- [INFORMATION SHOWN]:

==============================

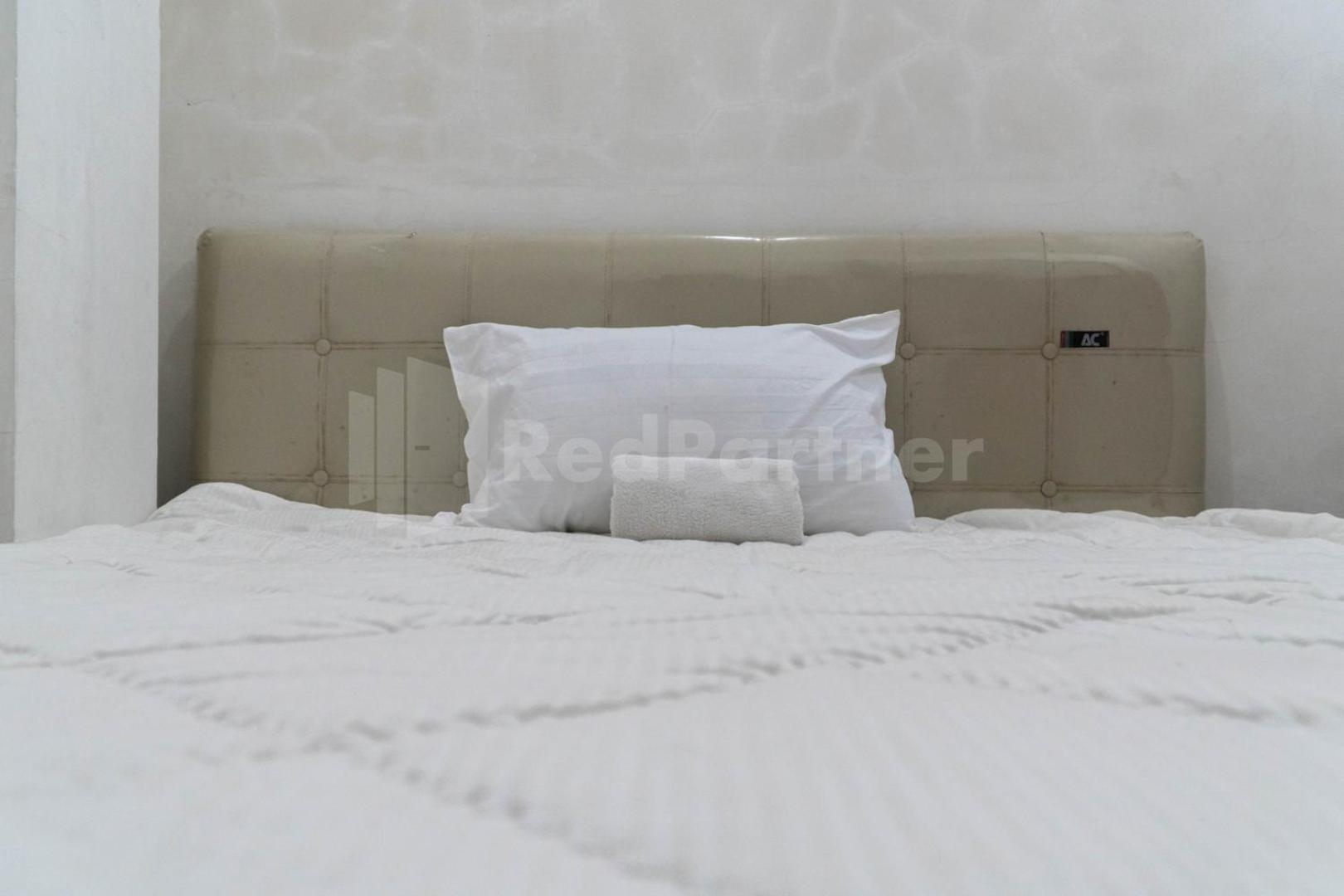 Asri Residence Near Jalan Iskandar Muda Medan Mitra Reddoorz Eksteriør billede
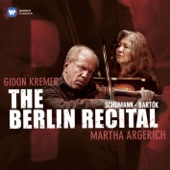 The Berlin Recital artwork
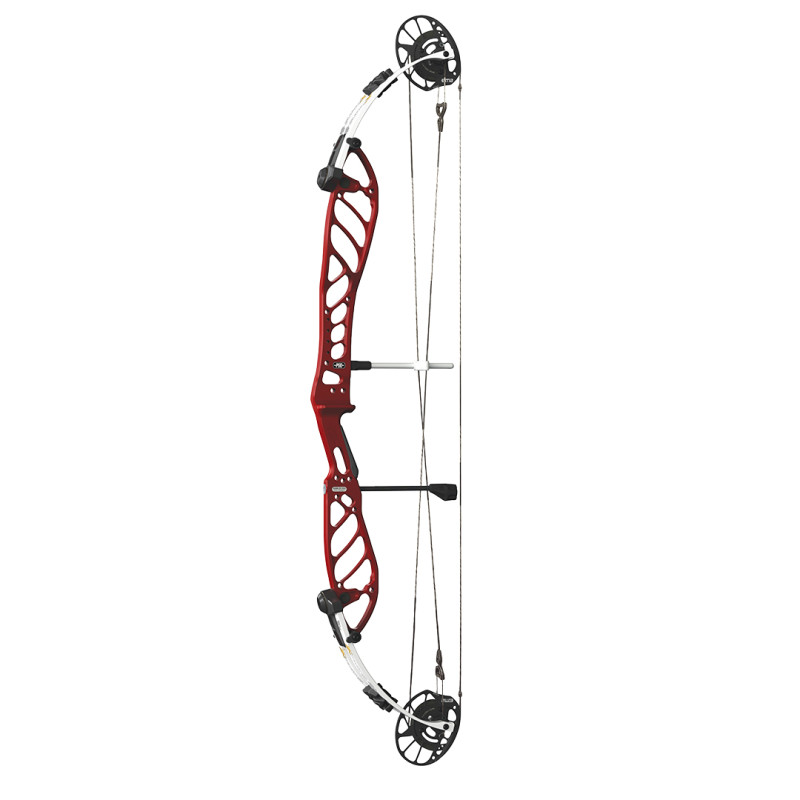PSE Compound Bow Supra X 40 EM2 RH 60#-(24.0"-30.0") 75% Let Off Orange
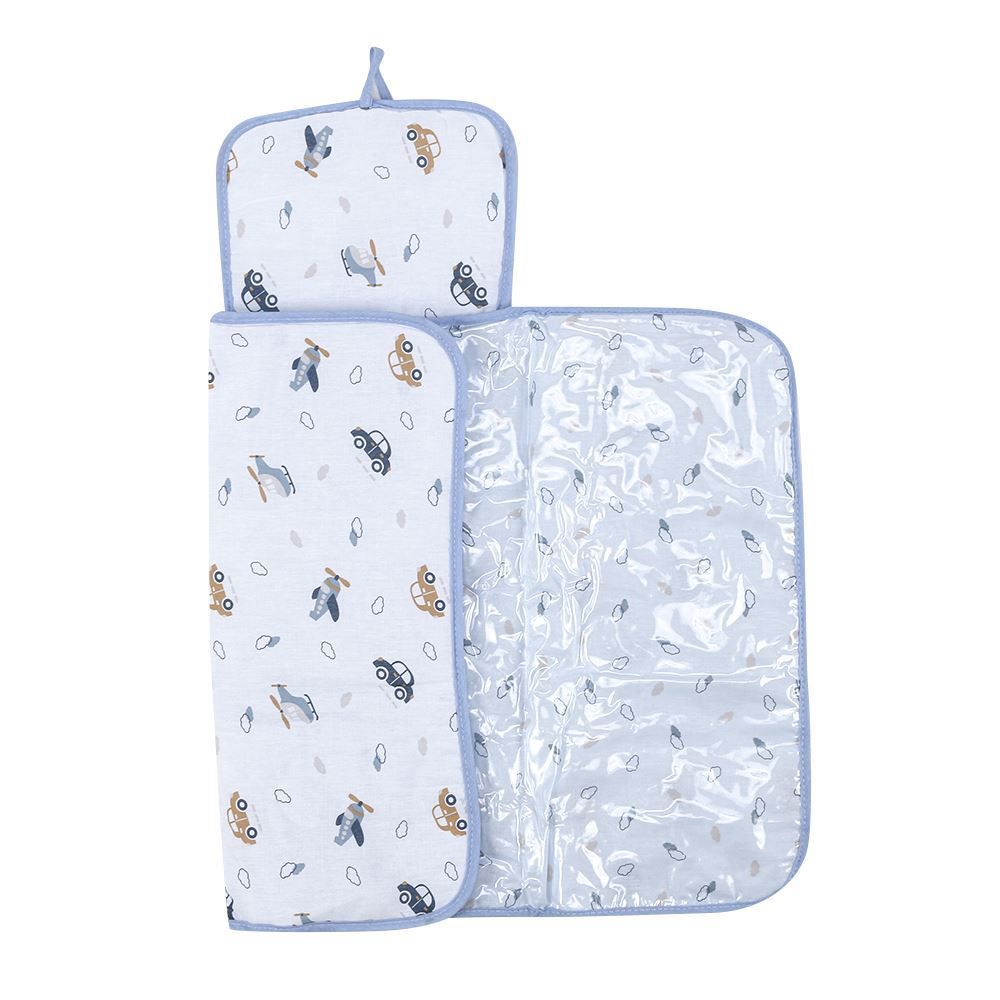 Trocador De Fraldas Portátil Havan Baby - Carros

==============================

- [PROBLEM DETAILS]: In the listing, find the line containing "PSE Compound Bow" and repeat it and every later line through the last one, word for word, excluding the pictures.

- [EXERCISE ANSWER]:
PSE Compound Bow Supra X 40 EM2 RH 60#-(24.0"-30.0") 75% Let Off Orange
 Trocador De Fraldas Portátil Havan Baby - Carros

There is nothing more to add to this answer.